What the task asks: What you produce should be the lines from the line containing "Das neue Kabinett" through the last line below, both ends included, reproduced exactly and without pictures.

Records for the exercise:
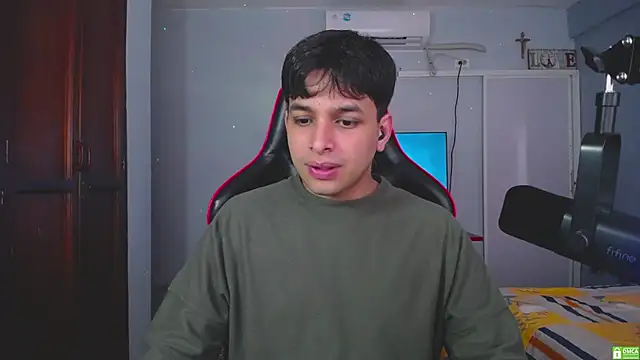 Snapshot of paul_crewe chatting on December 18, 2025, 4:57 pm paul crewe online show from December 18, 2025, 4:57 pm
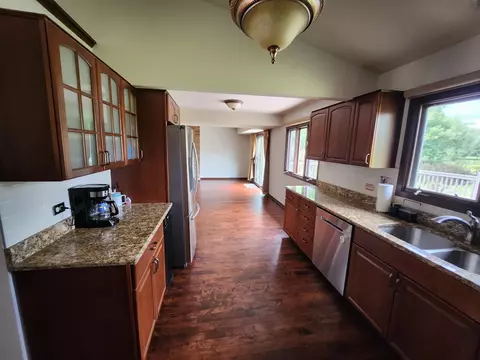 Kitchen - 887 Braintree Ln, Bartlett, IL 60103 photo 3 of 3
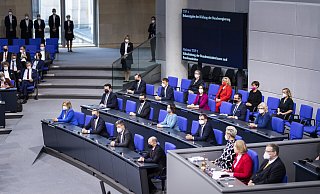 Das neue Kabinett der Bundesminister von Kanzler Olaf Scholz im Bundestag. - picture alliance / photothek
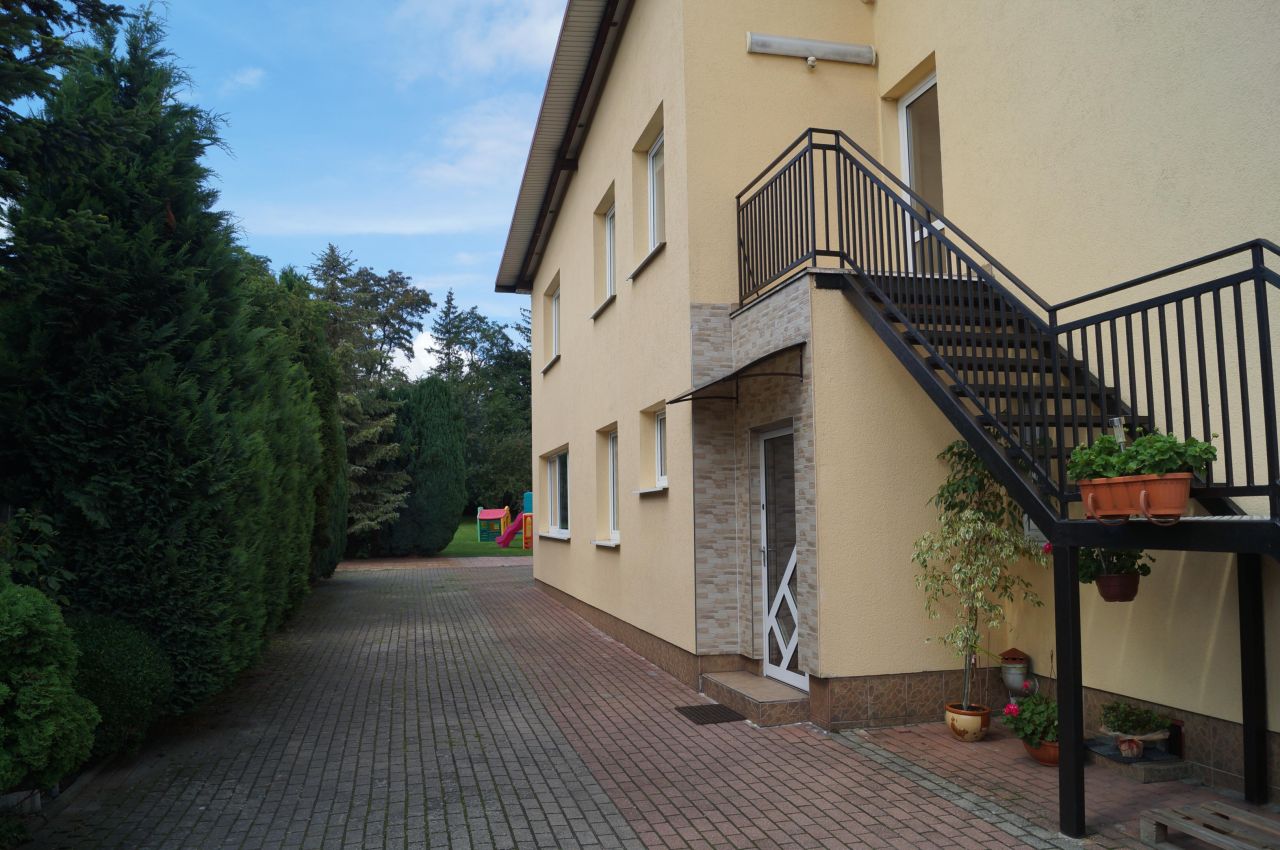bliźniak, 7 pokoi Słupsk Zatorze, ul. Bolesława Chrobrego. Zdjęcie 1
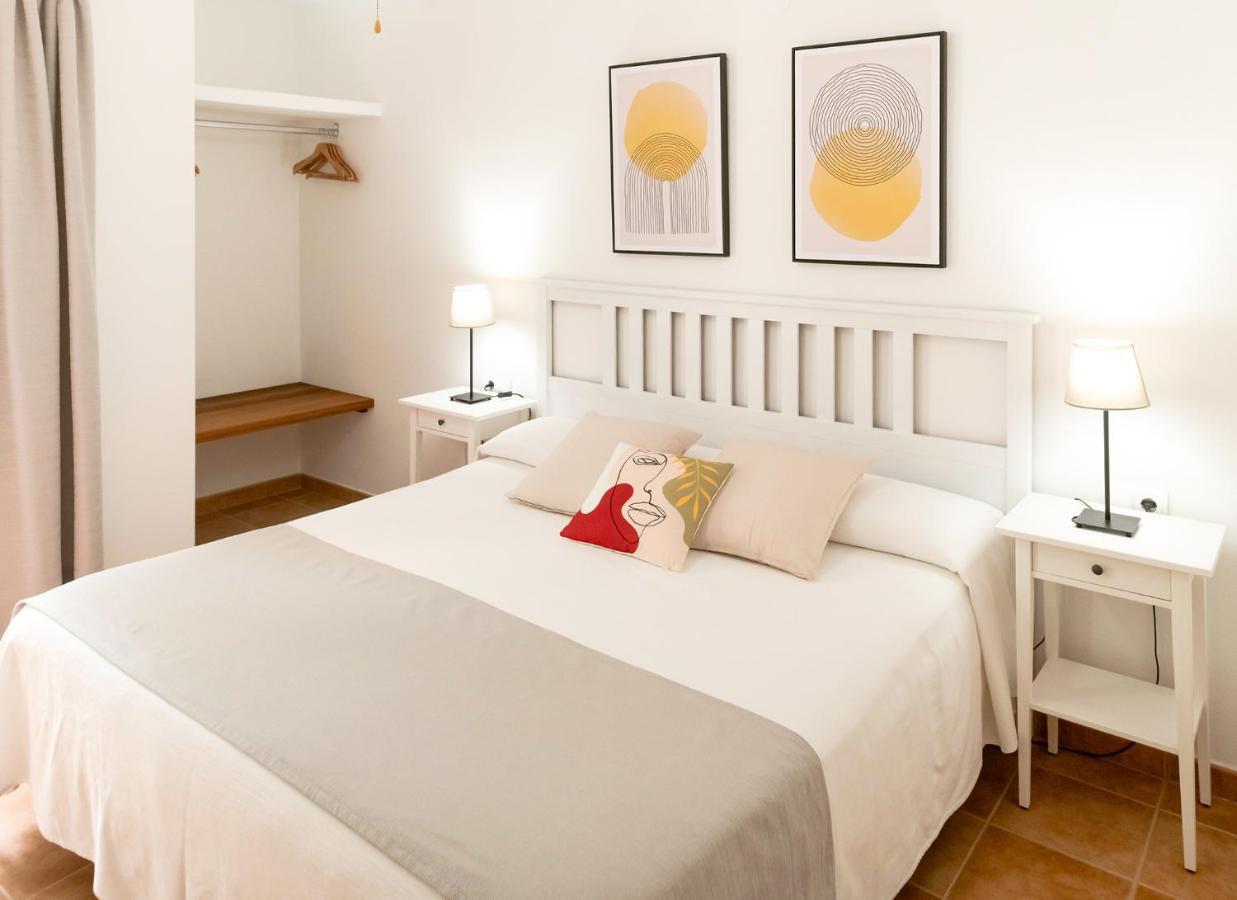 Apartamentos El Pino - Formentera Break Ес-Кало Екстер'єр фото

Response to the exercise:
 Das neue Kabinett der Bundesminister von Kanzler Olaf Scholz im Bundestag. - picture alliance / photothek
bliźniak, 7 pokoi Słupsk Zatorze, ul. Bolesława Chrobrego. Zdjęcie 1
 Apartamentos El Pino - Formentera Break Ес-Кало Екстер'єр фото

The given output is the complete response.